Well it was a pretty great day for the Netherlands on May 9th 2012. The cause for celebration was the passing into law of a Net Neutrality regulation. The law has been coming for a while now, having been agreed upon in June of last year. But the nation’s second legislative chamber finally gave its approval and made the legislation an official law. Hurrah!
But what is Net Neutrality? Well in laymens terms, Net Neutrality is described as the principle that there should be no restrictions by internet service providers or governments on consumers’ access to networks online. Net Neutrality prevents restrictions on content and modes of communication. What Net Neutrality is concerned with is the ability of broadband providers to use their infrastructures to block internet applications or content to limit what the consumer has access to and weed out competitors. For example, if a certain provider had a relationship with Apple, they could make it so that any site containing iPhone content would load faster than a site promoting Android.
So how is this new law going to have a real effect? For one, it sets the Netherlands on what I consider to be the right path. The internet is the free transfer of information and ideas and it should remain that way. But, as a far more concrete example of what the law will do is force internet providers to figure out how to compete for their consumers and manage their networks. The mobile internet provider KPN for example had planned to charge for access to services like Skype or throttle traffic through them as a means to manage their mobile traffic. Now KPN wont be able to do that.
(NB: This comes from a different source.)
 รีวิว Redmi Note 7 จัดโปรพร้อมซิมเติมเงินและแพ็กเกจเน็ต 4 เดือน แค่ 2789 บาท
Of course the law does grant certain exceptions for why internet service may be slowed, for network congestion or security reasons, but the law effectively tells all internet service providers that they must be blind to the traffic they carry and treat all sites and content equally. The Net Neutrality law also has a few provisions for anti-wiretapping and makes it illegal to use deep packet inspections on a user’s internet activities without either their legal consent or a warrant.
The passing of this law is certainly a historic moment within the European Union and a great day for privacy and internet freedom. Hopefully more laws like this one are on the way.